I am grateful my daughter‘s migraine subsided and she went to school today.
I am grateful I came up with some interesting ideas although was pretty sleepy most of the morning.
I am grateful for TV, books and podcasts.
I am grateful for Recovery Dharma meetings.
I am grateful I am ok with feeling overstuffed after eating a bit too much.
I am grateful I had a relaxing bike ride this afternoon.
I am grateful I am pretty tired, the day is done and I will be off to bed soon.
For my first little gig since I got sober. It’s volunteer patrol. Service! Schedule, purpose . Also will meet many people. I’ll be helping the community directly. It’s perfect. I’m starting completely over, and am not super healthy yet but ready to slowly ramp up.
For the beautiful athletic facilities near my home. Went to the pools to get a tour, and get my schedule for laps. I’m ready to resume my best sport
For catching myself getting overwhelmed today. So easy to spin out and commit to too much. Will ease back into everything.
For making myself cook meals more often. I’m not a bad cook, just super lazy
Thank you all for the congratulations on my 5 years. Grateful for my sobriety. I couldn’t do this without every single person here. You all mean more to me than you’ll ever know. Love you guys!
Grateful I remain teachable. There is an abundance to learn from old timers, newcomers, and everyone in between.
Grateful my daughter wanted to celebrate with cake last night. I haven’t talked about it, and she remembered on her own. Did I cause that much damage? Ugh! Grateful for the chance to make a daily living amends.
Grateful for my upcoming trip to Florida. Now that I told my sisters, I’m getting very excited. Probably because they’re so excited. I can’t remember the last time all 5 of us were together without husbands and kids.
Grateful today is Friday and its payday.
Grateful for my old jalopy car (from my MIL when she passed), getting me to and from work. Grateful my credit score is finally on the rise and a new car is in the foreseeable future.
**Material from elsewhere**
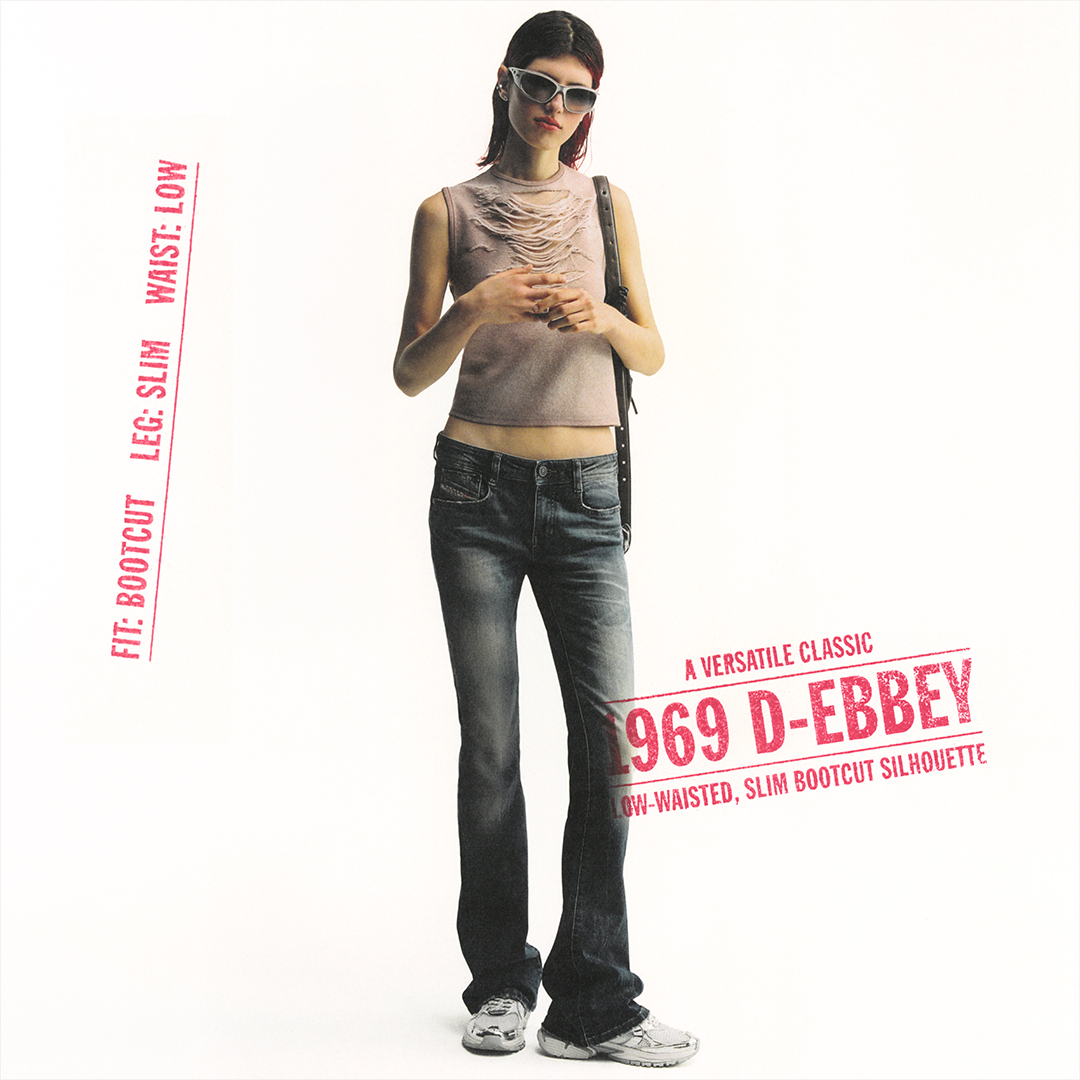 Denim for her | Shop on diesel.com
my recovery contacts and friends, here on Talking Sober and in my SA group; these friends are people who understand me and listen to me non judgementally, and that is a huge help
my wife, who listens and empathizes; I feel seen and supported in my life with her
the people working with me (my professional colleagues), without whom I wouldn’t have the professional opportunities I now have
the gym, which is a place I can go and strengthen my body
Friday payday!
Even though most of my paycheck goes to bills im still able to save a lil
Boscoe cuddles
Football tonight with hubby
Its nearly the weekend
Slept in
Forced teambuilding was a success
My AA fellowship
All the love and strength at my ladies aa mtg
Love
Hope
Joy
Hot coffee
I am grateful to be sober.
I am very very grateful for the cyclists telling me this morning that my rear wheel had a buckle. It took me some thinking as I had noticed it already but couldn’t explain. So I forgot. Then 10 min later: yeah, some car hitting me 2 weeks ago could have been the issue. So all ride long I planned getting it fixed asap. Well. Not necessary as I discovered this:
I am grateful I kept somehow calm. Sometimes, not knowing is better.
I am grateful the sun came out after some hours of fog.
I am grateful I have another bike.
I am grateful I have the option to buy a bike via my employer. Might be looking into this.
This saying: I am grateful I have enough. Maybe not bikes though.